Adam
ADAM: A METHOD FOR STOCHASTIC OPTIMIZATION
Let \(F\) be a noisy objective function (stochastic function) defined as \(F(\boldsymbol{\theta})\) that is differentiable w.r.t \(\boldsymbol{\theta}\), we are interested in minimizing the expected value of this random function:
\[\min_{\boldsymbol{\theta}} E_{F}[F(\boldsymbol{\theta})]\]

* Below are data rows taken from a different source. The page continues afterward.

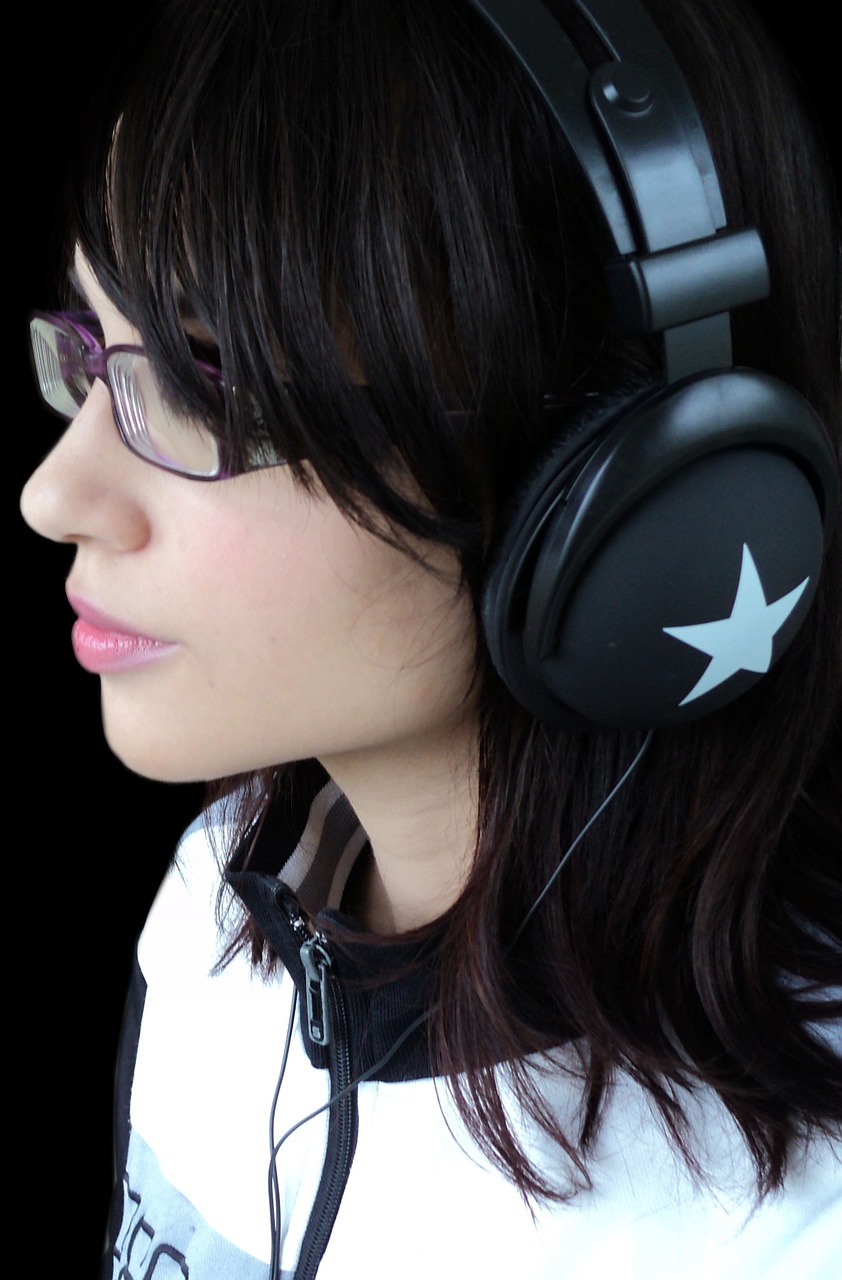 headphones, girl, young-468924.jpg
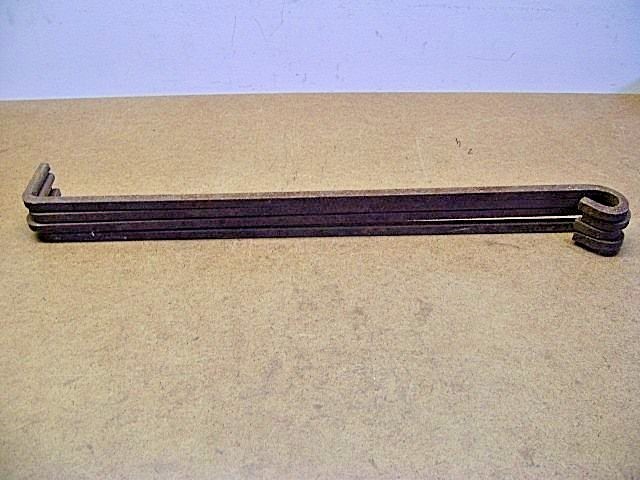 Vintage Lot of 4 Old Hand Forged Iron Curtain Tie Backs (?) Rusty 1/4″ Stock 18″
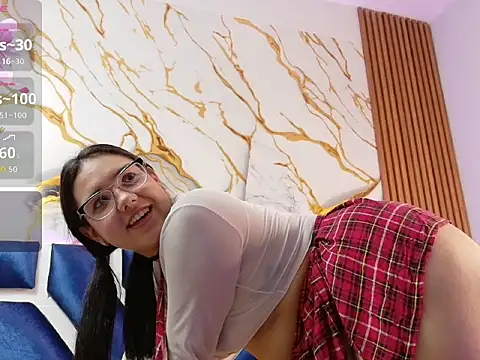 Snapshot of Rita_russell chatting on 11.16.25 Rita russell online show from 11.16.25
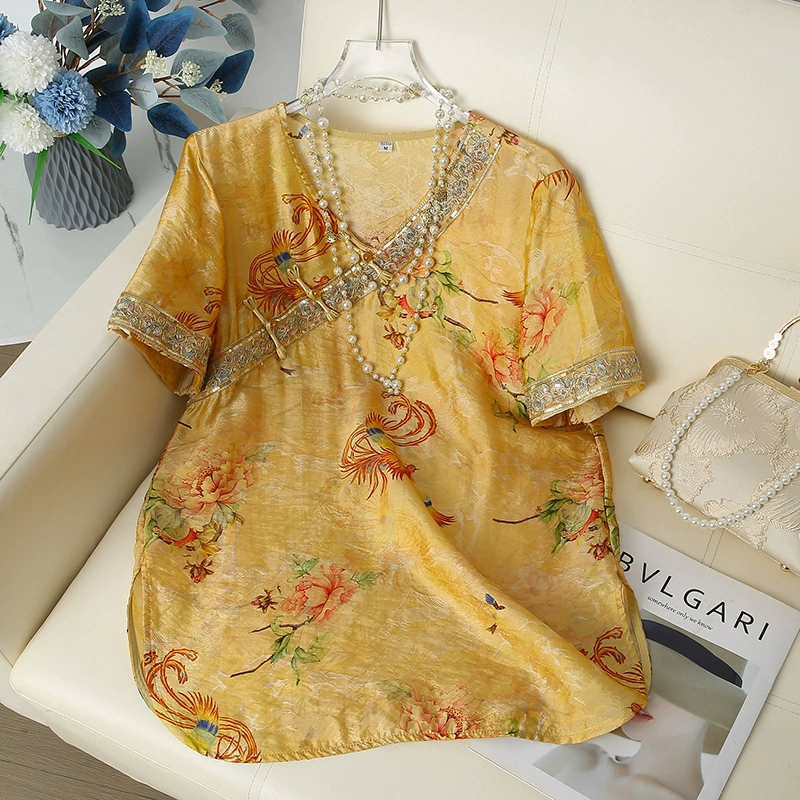 Винтажный женский топ с короткими рукавами из шелка Xiangyun, элитный стиль для мам, новый китайский стиль с диагональной пуговицей и рубашкой с V-образным вырезом из бисера.
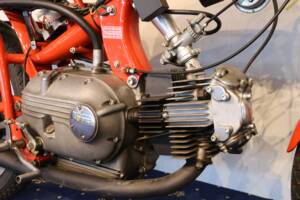 Image 9/27 of Aermacchi Ala Verde (1962)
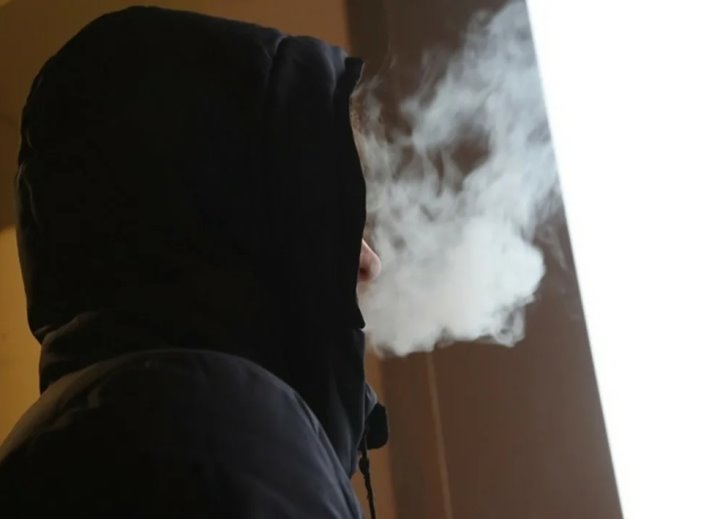 Можно ли курить электронные сигареты в подъезде?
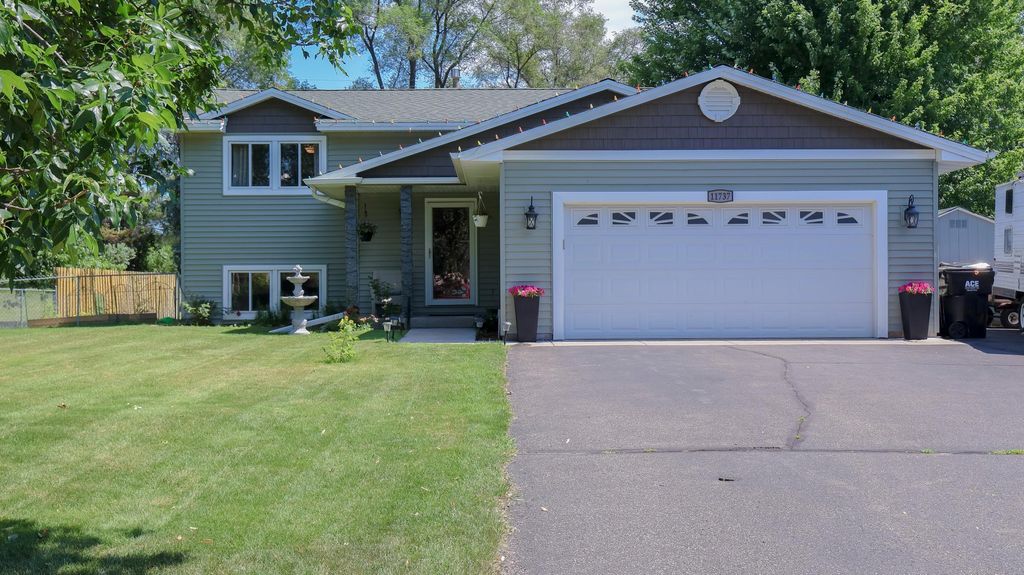 11737 Jonquil Street NW, Coon Rapids, MN 55433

Let \(F_1(\boldsymbol{\theta}), ...., F_{T} (\boldsymbol{\theta})\) be a random sample of \(F(\boldsymbol{\theta})\) and let \(f_1 (\boldsymbol{\theta}), ..., f_T(\boldsymbol{\theta})\) be the realization of random sample. This random sample can be forms of mini-batches of data which the distribution does not depend on the parameter \(\boldsymbol{\theta}\).
Then:
\[\nabla_{\boldsymbol{\theta}} E_F[F (\boldsymbol{\theta})] = E_F[\nabla_{\boldsymbol{\theta}} F (\boldsymbol{\theta})]\]

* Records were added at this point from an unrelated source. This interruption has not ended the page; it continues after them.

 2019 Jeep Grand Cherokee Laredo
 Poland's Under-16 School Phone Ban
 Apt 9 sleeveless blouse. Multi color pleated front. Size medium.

Given the individual sample gradient \(\nabla_{\boldsymbol{\theta}} f_1 (\boldsymbol{\theta}), ...., \nabla_{\boldsymbol{\theta}} f_T(\boldsymbol{\theta})\), one way to estimate the expectation of gradient, \(E_{F} [\nabla_{\boldsymbol{\theta}} F_t(\boldsymbol{\theta})]\), is to use stochastic approximation (similar to Momentum):
\[m_t \leftarrow \beta_1 {m}_{t} + (1 - \beta_1) \nabla_{\boldsymbol{\theta}} f_t(\boldsymbol{\theta})\]
Where \(m_t\) is the average up to sample \(t\), and \(\beta_1 \in [0, 1)\) is the decay rates.

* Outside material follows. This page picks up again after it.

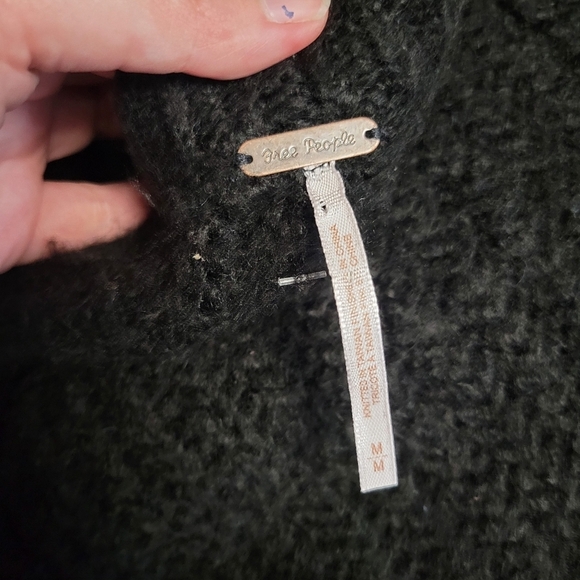 Free people sweater Black Scoop Neck Oversized size Medium soft chunky sweater - Picture 4 of 4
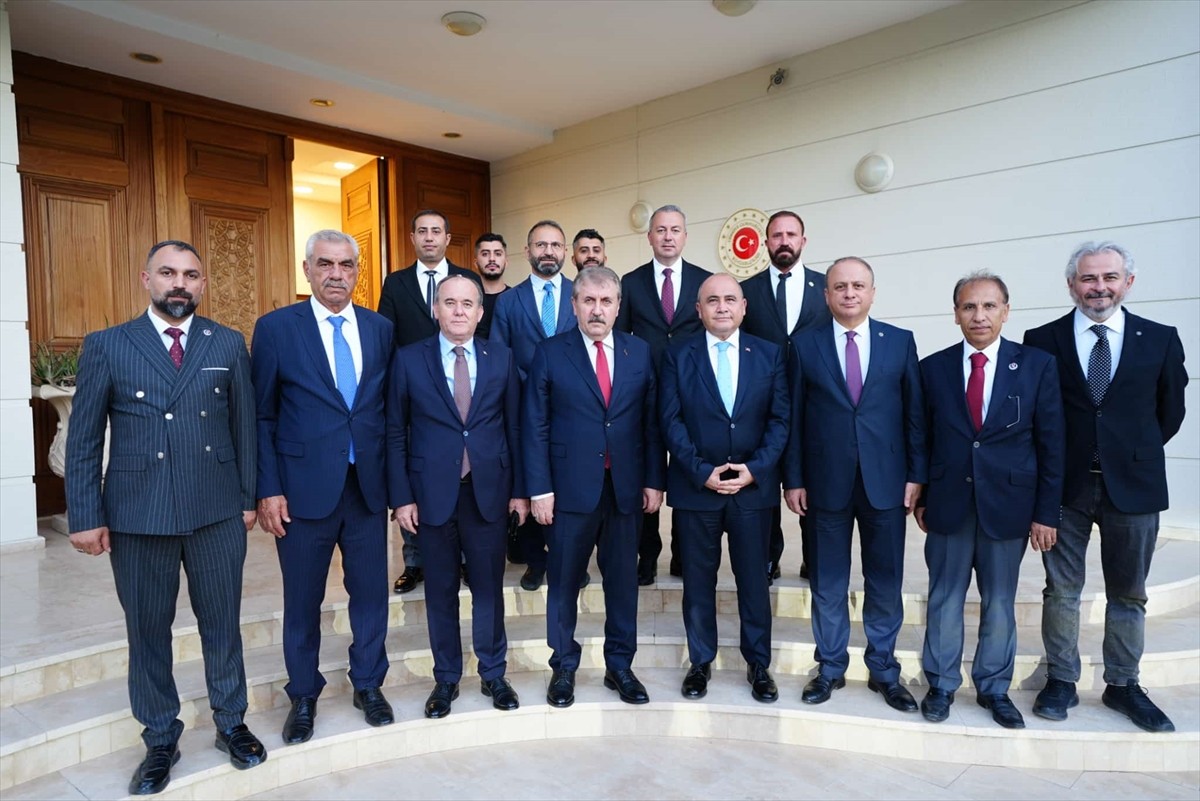 Büyük Birlik Partisi (BBP) Genel Başkanı Mustafa Destici, Kuzey Kıbrıs Türk Cumhuriyeti'nde...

At the same time, we can use SA to estimate the second moment of the gradient which is the un-centered variance (This is similar to RMSProp):
\[v_t \leftarrow \beta_2 {v}_{t} + (1 - \beta_2) \nabla_{\boldsymbol{\theta}} f_t(\boldsymbol{\theta})^2\]
However, these estimates are biased toward 0 if we initialize them to be 0 especially during initial timesteps and especially when the decay rates are small (\(\beta_1, \beta_2\) close to 1). Thus, we need to apply bias correction.
Initial Bias Correction
Let \(\mathbf{G} = \nabla_{\boldsymbol{\theta}} F\) be the gradient of the stochastic objective \(F\), we wish to estimate its second raw moment using SA of the squared gradient with decay rate \(\beta_2\). Let \(\mathbf{G}_1, ...., \mathbf{G}_T\) be random sample of \(\mathbf{G}\) that draws from the gradient distribution \(P(\mathbf{G})\). Suppose we initialize our SA procedure at \({v}_0 = 0\), then after \(t\) steps, we have:
\[v_1 = (1 - \beta_2) \mathbf{G}^2_1\]
\[v_2 = \beta_2(1 - \beta_2) \mathbf{G}^2_1 + (1 - \beta_2) \cdot \mathbf{G}^2_2 = \beta_2 (1 - \beta_2) (\mathbf{G}^2_1 + \mathbf{G}^2_2)\]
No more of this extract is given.